La recensione dello spettacolo che vi proponiamo è a cura di Marzia Devoto, che ringraziamo molto.
Spettacolo che entra dentro.
Non è uno spettacolo, è qualcosa che va oltre.
La dinamica mimica della narrazione spesso è tinteggiata di commovente e drammatica comicità.
E’ un ping pong tra il racconto di storie umane di cui Bilal è la voce narrante – in viaggio lungo la tratta che da Dakar porta in Italia – e il mondo esterno, tra la speranza di partire e la consapevolezza che presto morirai.

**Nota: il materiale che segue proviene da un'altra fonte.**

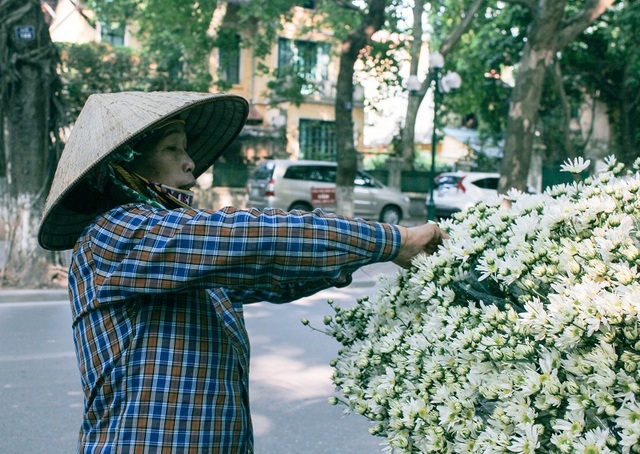 Tinh khôi sắc trắng cúc họa mi trên phố phường Hà Nội - 5 Để những bông cúc li ti luôn tươi, người bán hoa luôn tận tâm chăm sóc từng bông hoa một cách kĩ lưỡng nhất.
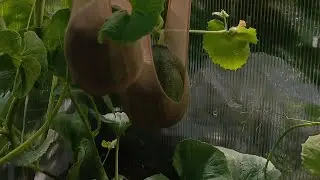 Сегодня подвязываю дыньки и арбузик🍉 Смешно получилось🤣 Размеры на 7.07.2024.
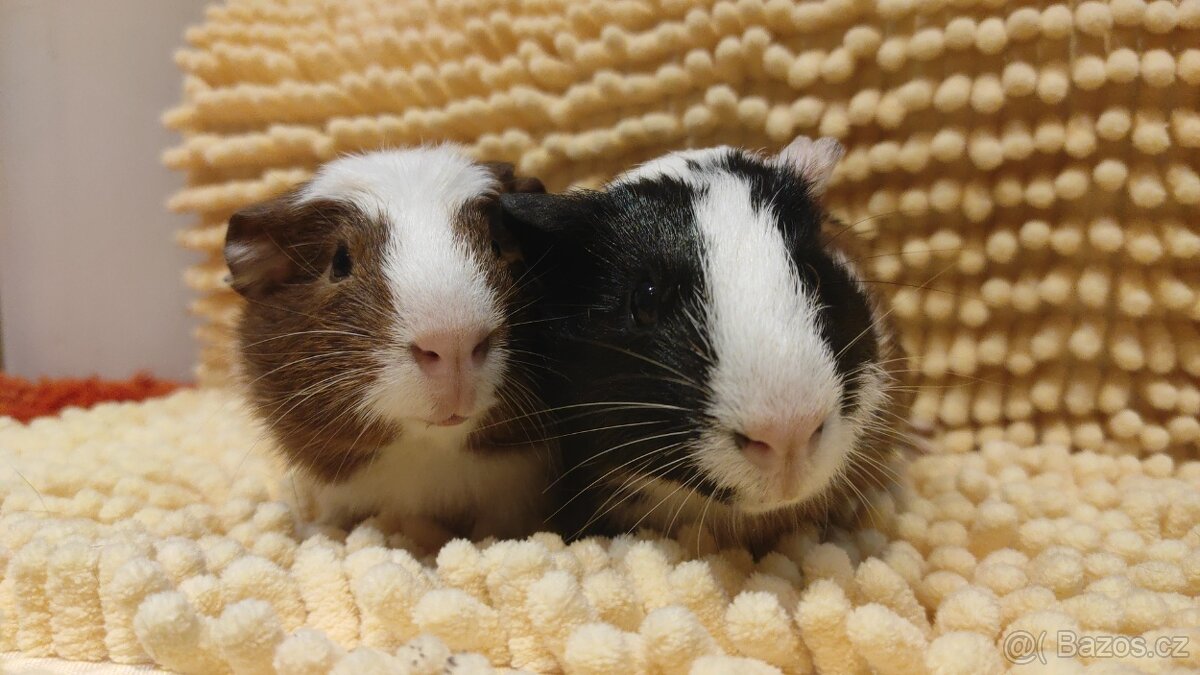 Morče - morčata - krásná morčátka z Moravy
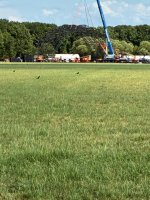 IMG_4193.jpeg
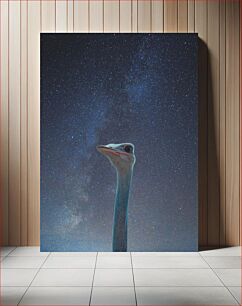 Πίνακας, Ostrich Gazing into the Stars Στρουθοκάμηλος που κοιτάζει στα αστέρια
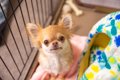 犬だけの『留守番』…の画像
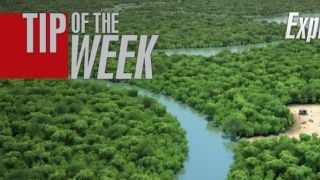 Tip of the Week. Exploring ForestPack4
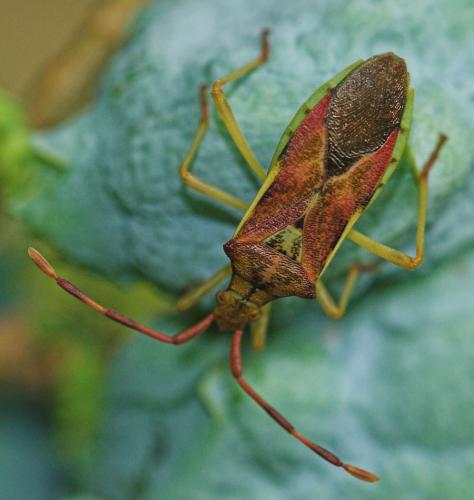 Réf. 4 725 : Gonocerus juniperi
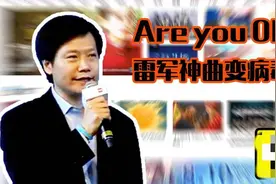 终于找到雷军are you ok的原版，31秒有惊喜视频封面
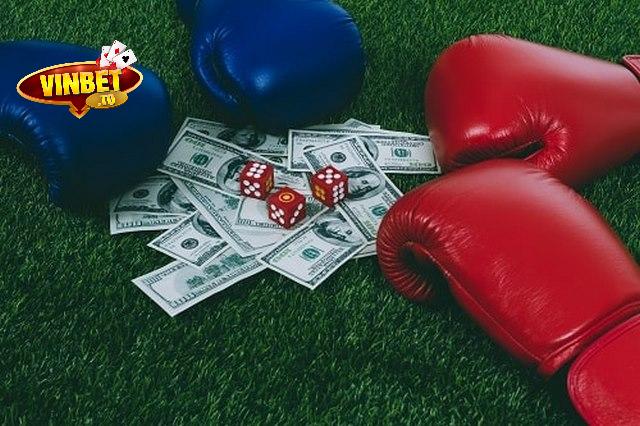 Nhà cái Vinbet cá cược quyền anh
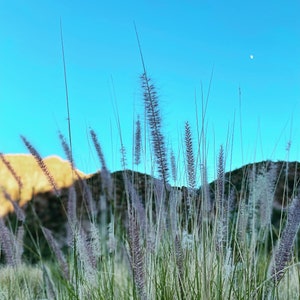 Arizona - Superstition Plants | 8x10 Photo Print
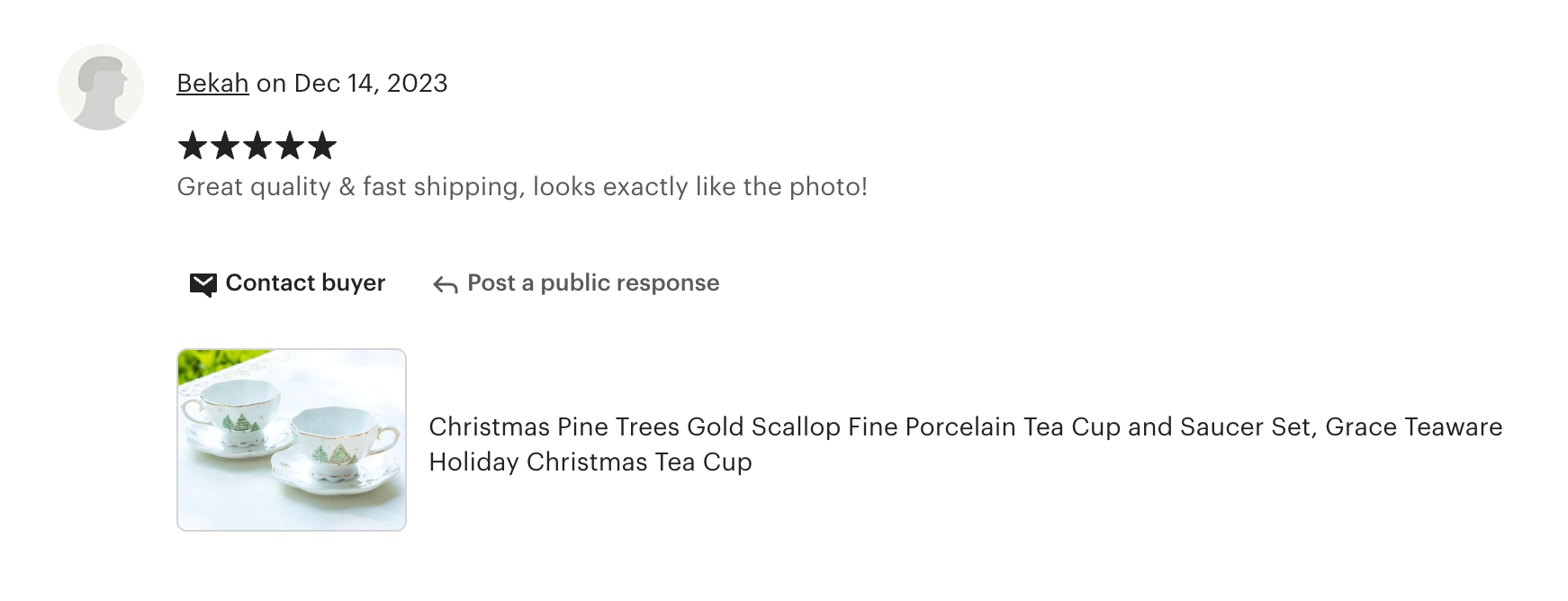 Christmas Pine Trees Fine Porcelain Tea Cup and Saucer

Il testo teatrale sembra voler comunicare: “Noi spettatori con quale conoscenza-coscienza assistiamo al destino clandestino di chi ha la “fortuna” di non morire durante la tratta?”
Claustrofobia: gli attraversamenti terrestri e marittimi non sono che un percorso minato e legittimato ad esserlo da ogni tipo di autorità di controllo locale, per raggiungere la meta…corrotta.
Omicidi premeditati.
Ingegnosa la narrazione che si sviluppa senza essere soffocata unicamente dal racconto dell’attraversamento dell’orrore, ma pure ricordandoci con quali leggi abbiamo a che fare. Orrore nell’orrore.
Non c’è nessuna speranza, possiamo solo aggiungere un po’ di consapevolezza, grazie a Fabrizio Gatti che ha voluto vestire la maschera di Bilal per meglio raccontare.
Non dimenticare le motivazioni e la speranza di chi decide di partire: restano l’unico punto di riferimento dal quale NON liberarsi.
Anche questo ti ricorda lo spettacolo.